03/08/2012 07:51 EDT | Actualisé 03/10/2012 05:12 EDT

Le ministre iranien des Affaires étrangères Ali Akbar Salehi a accusé l'Occident, notamment les Etats-Unis, d'être à l'origine de l'échec de la mission du médiateur international Kofi Annan en Syrie, pays en proie à un conflit sanglant depuis plus de 16 mois.

"L'Occident et certains pays de la région ne voulaient pas que Annan réussisse dans sa mission. A chaque fois qu'il cherchait à résoudre la crise, l'Occident créait des obstacles", a dit M. Salehi, dont le pays est un allié du régime de Bachar al-Assad, cité par l'agence officielle IRNA.

Selon lui, la démission de M. Annan de son poste d'émissaire de l'ONU et de la Ligue arabe pour la Syrie, annoncée jeudi, est due à l'instransigeance des Etats-Unis au sein du Conseil de sécurité de l'ONU et non à celle de Moscou et Pékin, également des alliés du régime syrien, comme Washington l'a affirmé.

"L'absence d'unité au Conseil de sécurité évoquée par M. Annan ne concernait pas la Russie ou la Chine.
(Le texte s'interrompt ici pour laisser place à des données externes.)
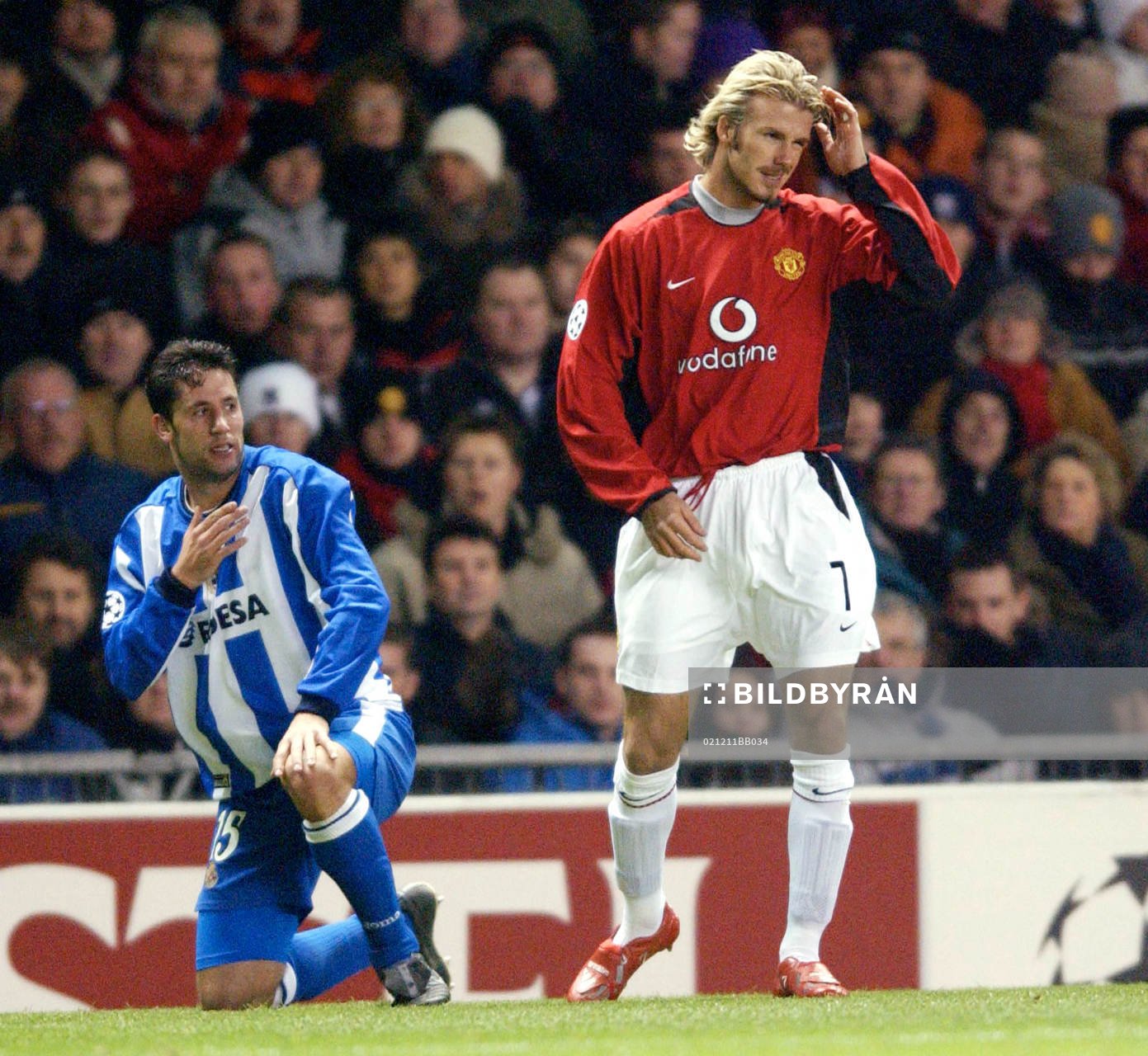 Fotboll, Champions League, Manchester United - Deportivo La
Les Américains ont détourné (cette accusation) pour la mettre sur le dos (de Moscou et Pékin) et cherchent à imposer leurs propres idées car ils ne veulent pas dire la vérité", a dit M. Salehi.

Le plan de paix de M. Annan a été accepté par la Syrie et d'autres pays régionaux mais, selon le ministre iranien, les Etats soutenant les rebelles "n'ont pas permis à M. Annan de réussir dans la mise en application de son initiative".
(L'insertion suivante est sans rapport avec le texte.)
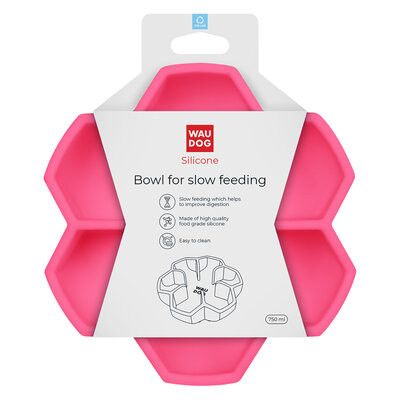 WAUDOG Slowfeed skål Silikon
Il a émis l'espoir que le successeur de M. Annan travaillera de manière "indépendante" comme l'avait fait ce dernier, et averti que tout médiateur qui s'alignerait sur les Occidentaux "échouerait, car l'autre partie ne voudra pas coopérer avec lui".

De son côté, l'ayatollah ultraconservateur Ahmad Jannati a déclaré lors de son prêche à Téhéran que les "Etats-Unis, Israël, l'Arabie saoudite, la Turquie et le Qatar travaillent main dans la main pour renverser le régime. Qui ne sait pas que vous intervenez directement en Syrie", a-t-il lancé.

Plus tôt, le porte-parole des Affaires étrangères iraniennes , cité par IRNA, a affirmé que la démission de M. Annan était le résultat "d'ingérences" de certains Etats non identifiés, et a laissé entendre que l'Iran pourrait désormais jouer un plus grand rôle dans le règlement du conflit.

Il n'a pas nommé ces pays mais Téhéran accuse l'Arabie saoudite, le Qatar et la Turquie d'armer les rebelles en Syrie, en collusion avec les Etats-Unis et Israël.

Washington, pour sa part, accuse l'Iran de fournir armes et expertise aux forces du régime syrien.